しかし、月の途中で次の転職先に入社する場合には、その月1月分の保険料を払う必要があり、さらに転職先の会社の給料からも保険料が1ヵ月分徴収されてしまうため、2ヵ月分の保険料を支払うことになってしまいます。

つまり、転職先の会社が決まっている場合には、任意継続被保険者を選ぶと損をする可能性が高いということになります。

 

また、同じく国民年金・国民健康保険に加入する方法があります。

この場合にも、2重で保険料が徴収されてしまうことを危惧される方がいますが、実は2重支払いは発生しません。

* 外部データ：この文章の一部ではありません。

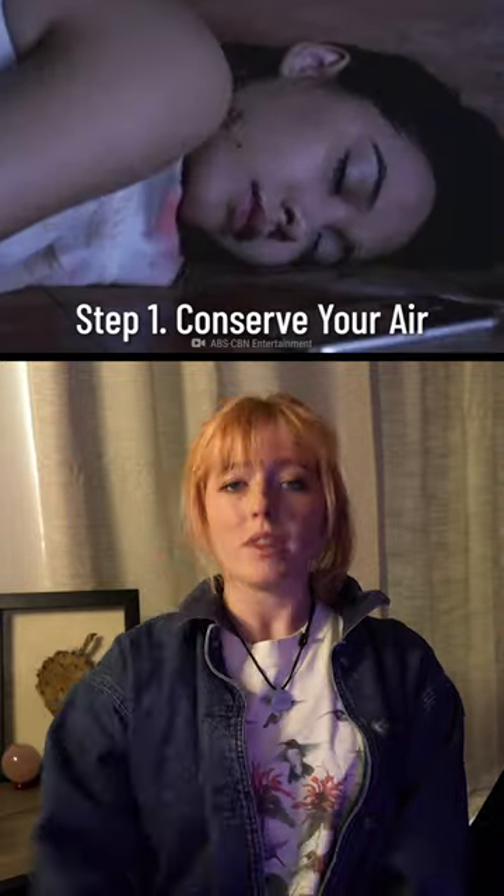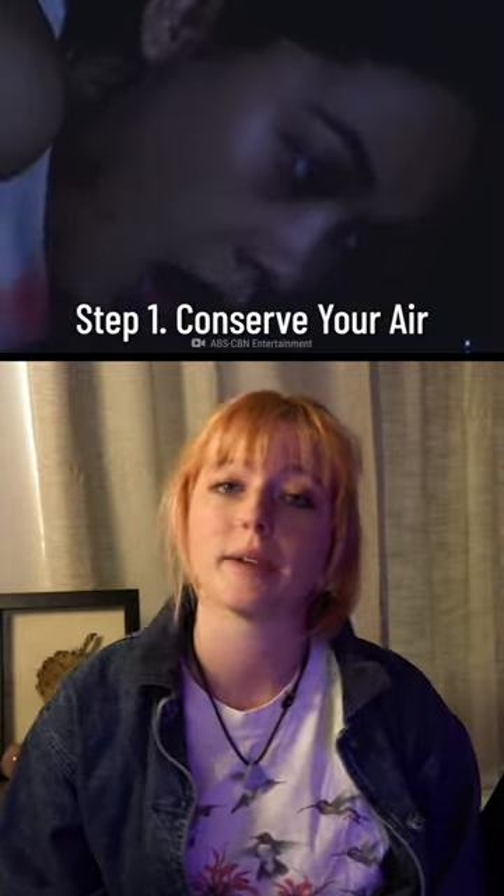How to survive being buried alive. Step one: conserve your air supply, or else you'll be all out of air — so lost without you. If you understood that reference, you're too old for this app. Anyway, you'll want to stay calm and take slow, deep breaths.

これは、健康保険も国民健康保険も、「月末に被保険者でなければ保険料は徴収しない」というルールになっているためです。

つまり、月の途中に転職先の会社に入社した場合には、その月1ヵ月分の健康保険料が発生してしまう代わりに、入社までの数日間は0円で国民健康保険を利用できるということになります。

 

最後に、何も手続きをしないという選択肢もあります。

もし退職から、転職先への入社日までがある程度短期間であれば、国民年金保険のルールを使うことが可能です。

 

国民健康保険の場合には、原則として退職日の翌日から14日以内にお住いの市区町村で手続きを行う必要があるというルールがあります。

そのため、転職先への入社までが14日間程度であれば、「手続きに行こうと思っていたが、次の就職先が決まって、健保に入った。」という理由でも法律上は問題がないことになります。

 

しかし、万が一のリスクは注意しなければなりません。

もし退職日から転職先への入社日までの間に、大きな病気にかかってしまい、国民健康保険への加入手続きもできないような場合には、医療費が10割かかってしまいます。

 

短い期間に手続きをするのは少し面倒なことに感じますが、このようなリスクを考えれば、国民健康保険への加入をした方が良いと言えるでしょう。